• _Exercise prompt_
Find the line with "Cute Squirrel Eating" in the records below. Output exactly from there until after the line with "White Twin Over", without pictures.

[Short text fragments from websites]

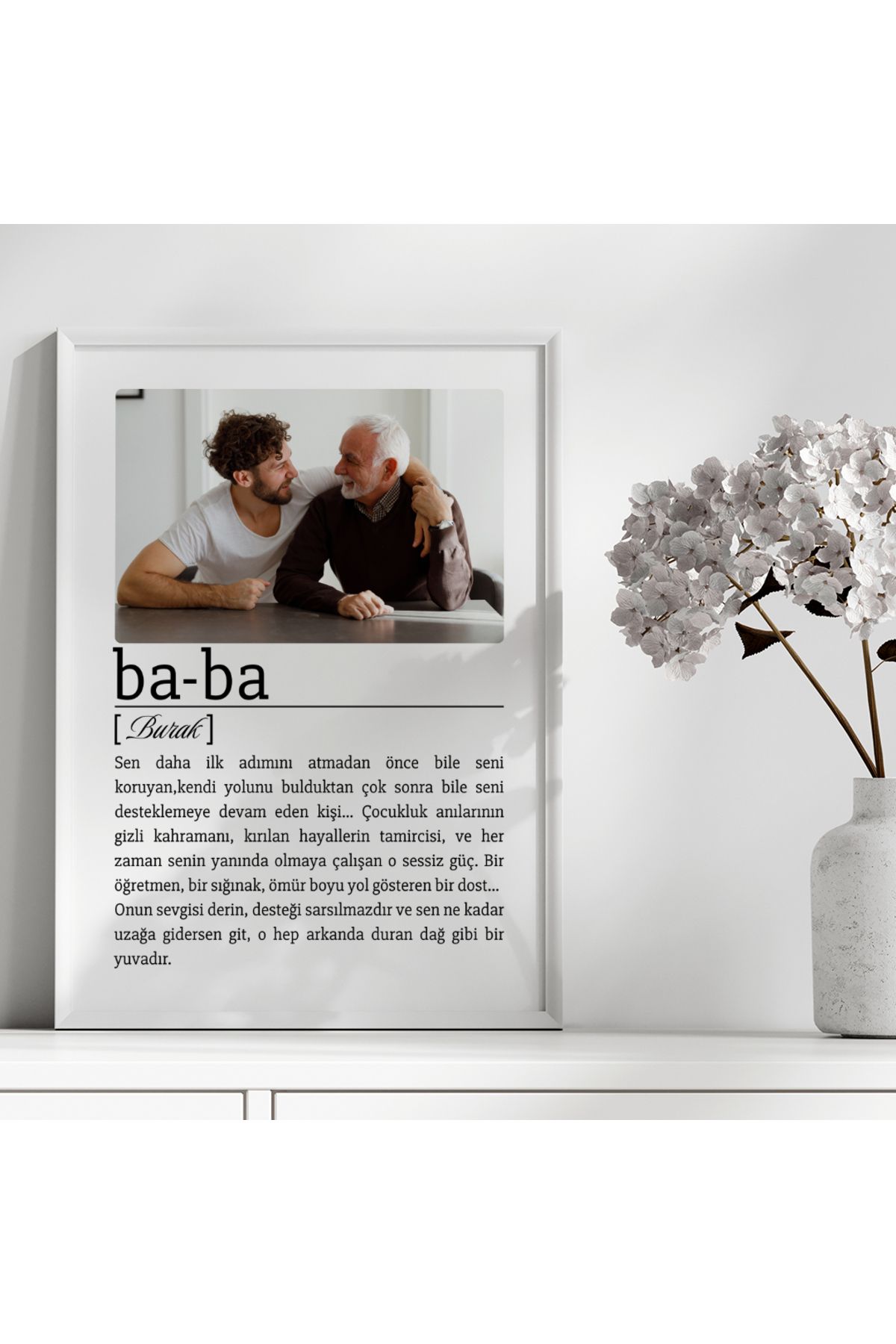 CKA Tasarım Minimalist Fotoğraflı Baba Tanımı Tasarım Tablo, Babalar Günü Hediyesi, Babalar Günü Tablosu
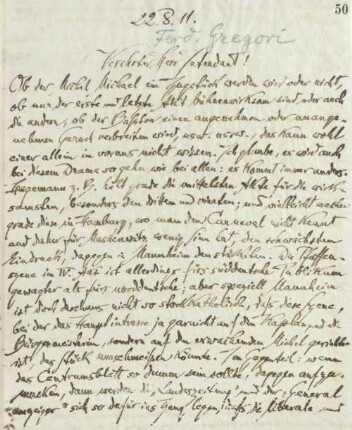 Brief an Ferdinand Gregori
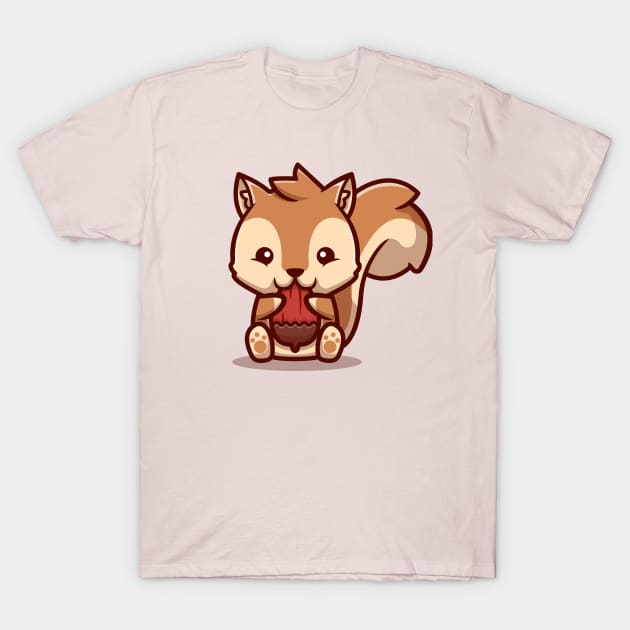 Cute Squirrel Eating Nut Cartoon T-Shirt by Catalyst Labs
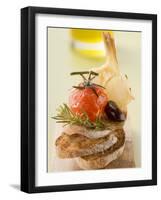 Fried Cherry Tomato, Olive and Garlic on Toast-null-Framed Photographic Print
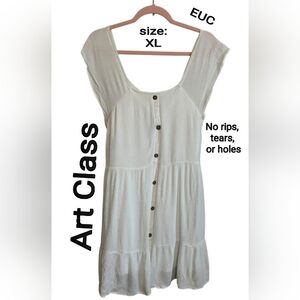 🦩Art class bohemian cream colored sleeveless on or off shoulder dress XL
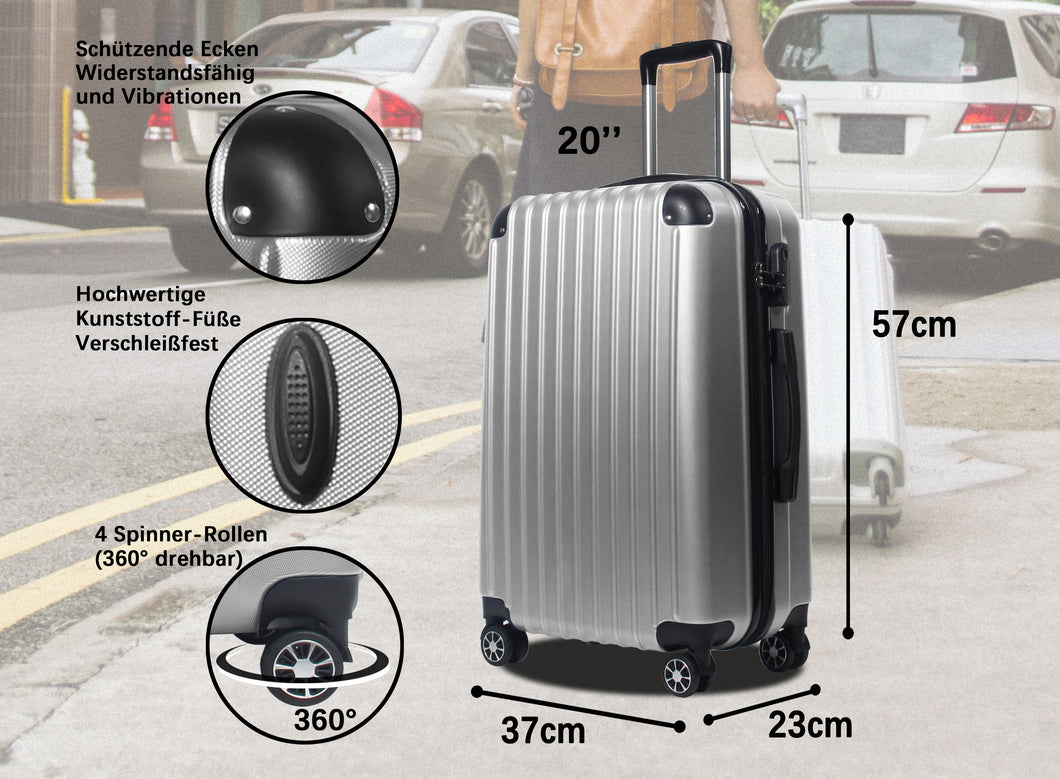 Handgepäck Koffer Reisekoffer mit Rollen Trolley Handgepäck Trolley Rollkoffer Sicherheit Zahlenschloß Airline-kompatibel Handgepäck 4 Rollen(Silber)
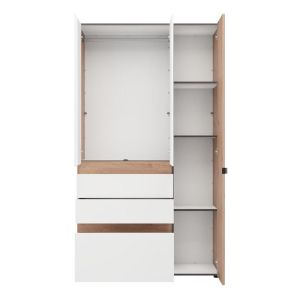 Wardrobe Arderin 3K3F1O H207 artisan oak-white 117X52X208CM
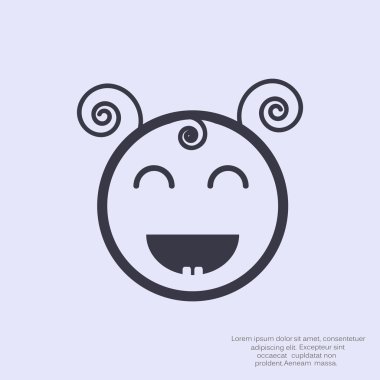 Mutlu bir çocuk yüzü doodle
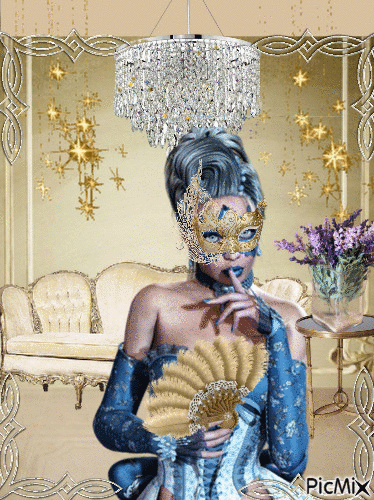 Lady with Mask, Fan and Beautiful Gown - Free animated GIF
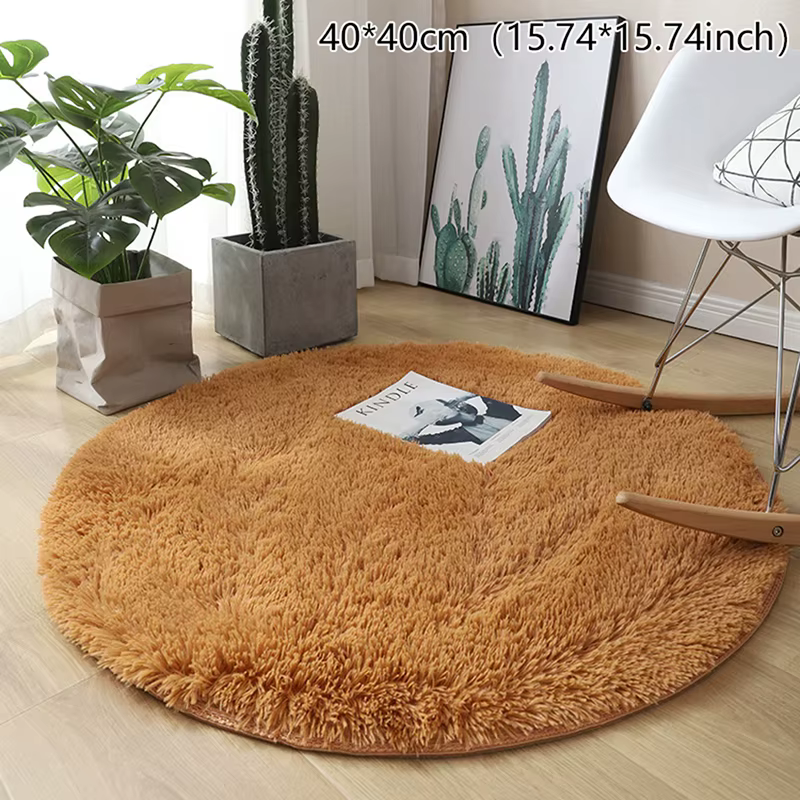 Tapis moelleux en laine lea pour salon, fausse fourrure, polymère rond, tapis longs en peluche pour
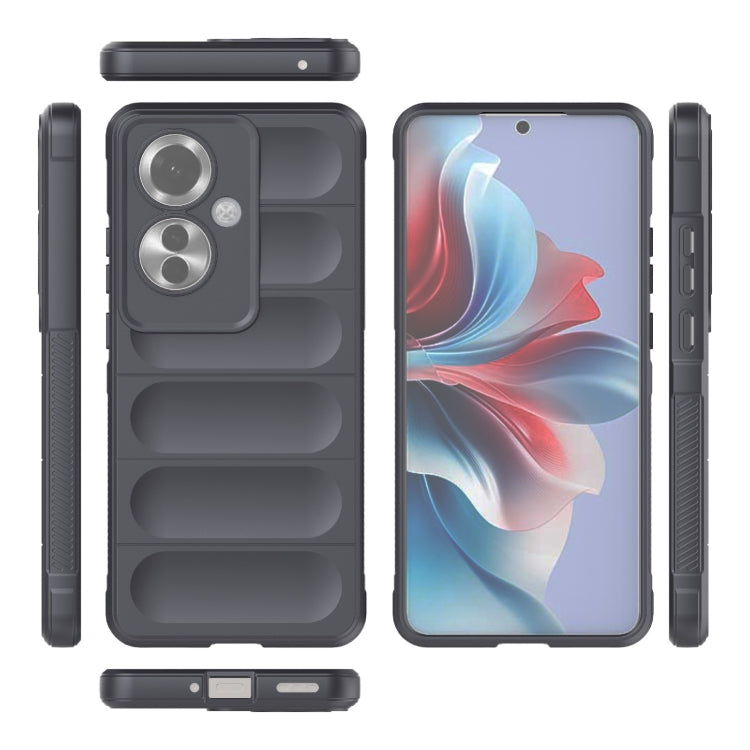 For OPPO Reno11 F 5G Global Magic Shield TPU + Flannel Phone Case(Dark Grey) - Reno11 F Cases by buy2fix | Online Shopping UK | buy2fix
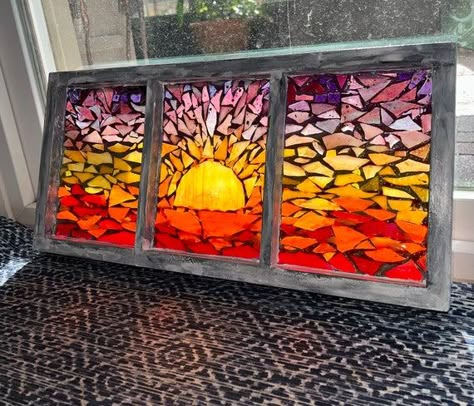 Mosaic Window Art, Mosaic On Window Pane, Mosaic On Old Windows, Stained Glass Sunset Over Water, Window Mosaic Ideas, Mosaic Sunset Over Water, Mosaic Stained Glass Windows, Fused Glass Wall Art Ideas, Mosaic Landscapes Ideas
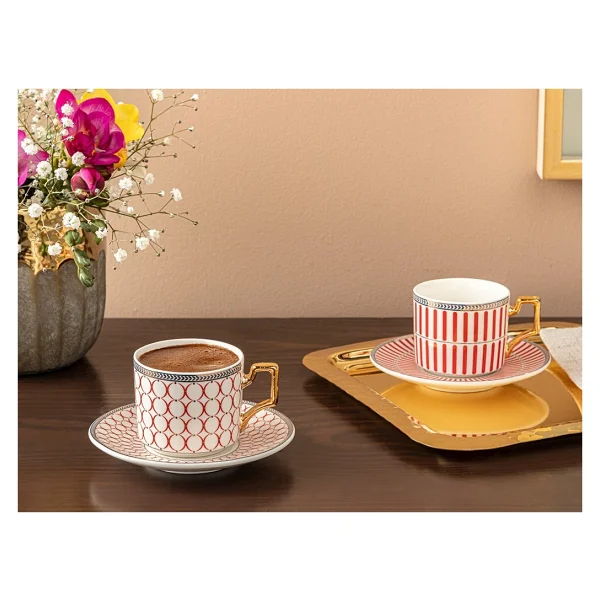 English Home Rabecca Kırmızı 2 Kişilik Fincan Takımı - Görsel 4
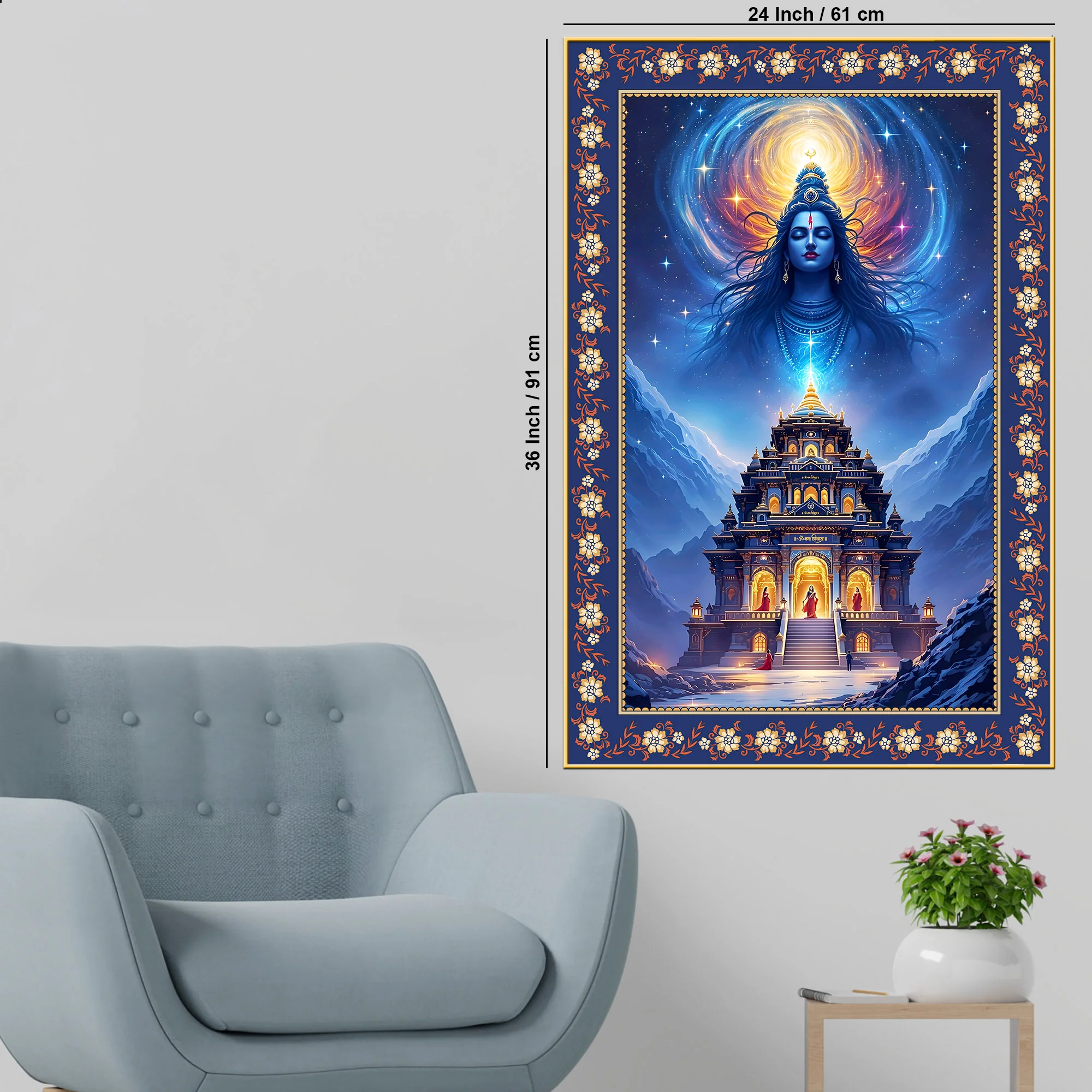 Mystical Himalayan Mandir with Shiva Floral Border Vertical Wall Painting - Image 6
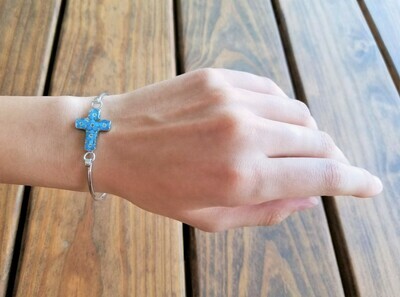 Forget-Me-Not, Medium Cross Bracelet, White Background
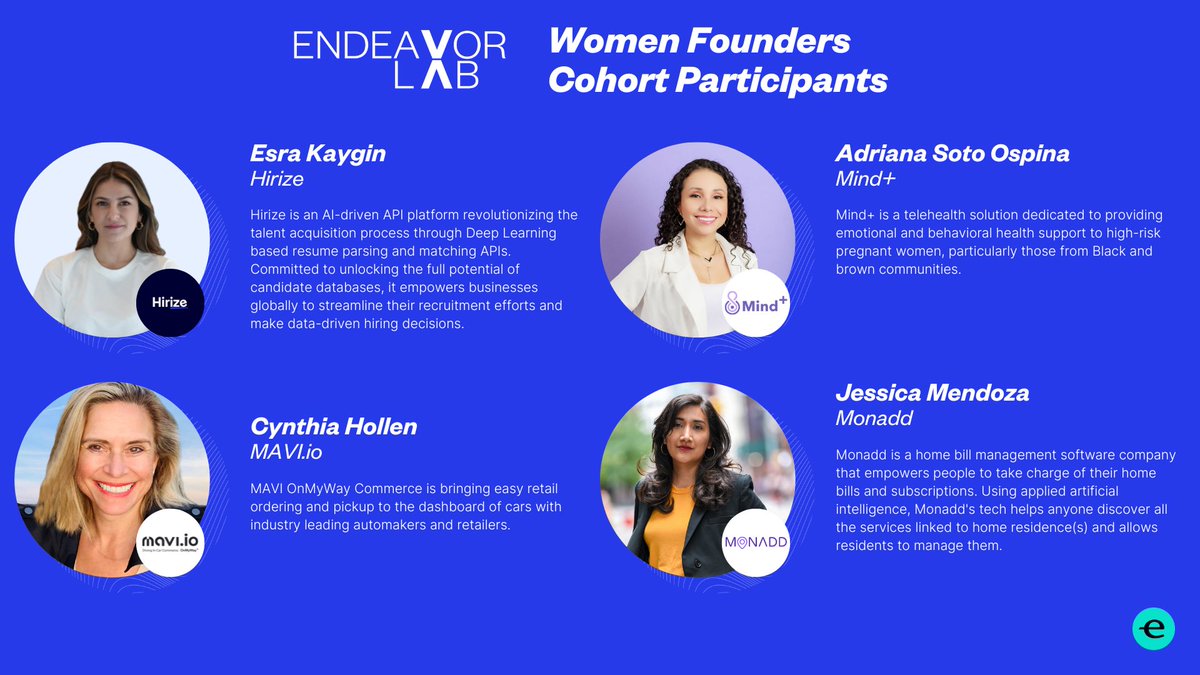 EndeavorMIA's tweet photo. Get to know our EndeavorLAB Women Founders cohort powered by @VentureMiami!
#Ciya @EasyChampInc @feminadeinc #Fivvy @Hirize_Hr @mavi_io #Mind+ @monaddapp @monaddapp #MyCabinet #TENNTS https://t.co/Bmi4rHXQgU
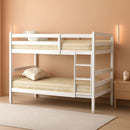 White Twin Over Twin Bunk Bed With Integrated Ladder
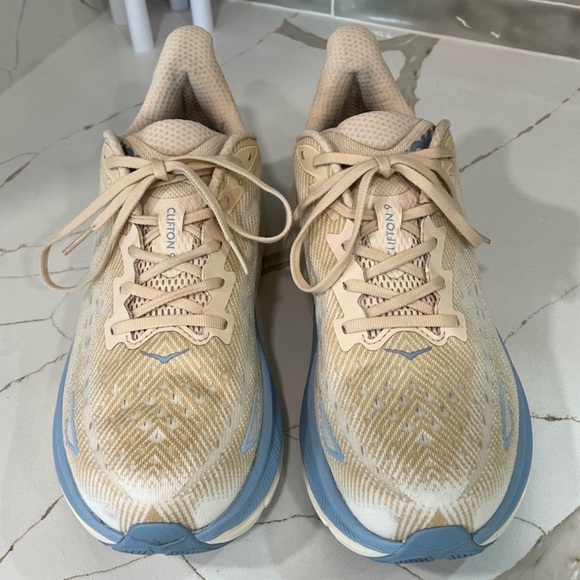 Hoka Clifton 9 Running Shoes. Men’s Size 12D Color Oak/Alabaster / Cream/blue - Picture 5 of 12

• _Solution to the problem_
 Cute Squirrel Eating Nut Cartoon T-Shirt by Catalyst Labs
 Fried Cherry Tomato, Olive and Garlic on Toast-null-Framed Photographic Print
 🦩Art class bohemian cream colored sleeveless on or off shoulder dress XL
 Handgepäck Koffer Reisekoffer mit Rollen Trolley Handgepäck Trolley Rollkoffer Sicherheit Zahlenschloß Airline-kompatibel Handgepäck 4 Rollen(Silber)
 Wardrobe Arderin 3K3F1O H207 artisan oak-white 117X52X208CM
 Mutlu bir çocuk yüzü doodle
 Lady with Mask, Fan and Beautiful Gown - Free animated GIF
 Tapis moelleux en laine lea pour salon, fausse fourrure, polymère rond, tapis longs en peluche pour
 For OPPO Reno11 F 5G Global Magic Shield TPU + Flannel Phone Case(Dark Grey) - Reno11 F Cases by buy2fix | Online Shopping UK | buy2fix
 Mosaic Window Art, Mosaic On Window Pane, Mosaic On Old Windows, Stained Glass Sunset Over Water, Window Mosaic Ideas, Mosaic Sunset Over Water, Mosaic Stained Glass Windows, Fused Glass Wall Art Ideas, Mosaic Landscapes Ideas
 English Home Rabecca Kırmızı 2 Kişilik Fincan Takımı - Görsel 4
 Mystical Himalayan Mandir with Shiva Floral Border Vertical Wall Painting - Image 6
 Forget-Me-Not, Medium Cross Bracelet, White Background
 EndeavorMIA's tweet photo. Get to know our EndeavorLAB Women Founders cohort powered by @VentureMiami!
#Ciya @EasyChampInc @feminadeinc #Fivvy @Hirize_Hr @mavi_io #Mind+ @monaddapp @monaddapp #MyCabinet #TENNTS https://t.co/Bmi4rHXQgU
 White Twin Over Twin Bunk Bed With Integrated Ladder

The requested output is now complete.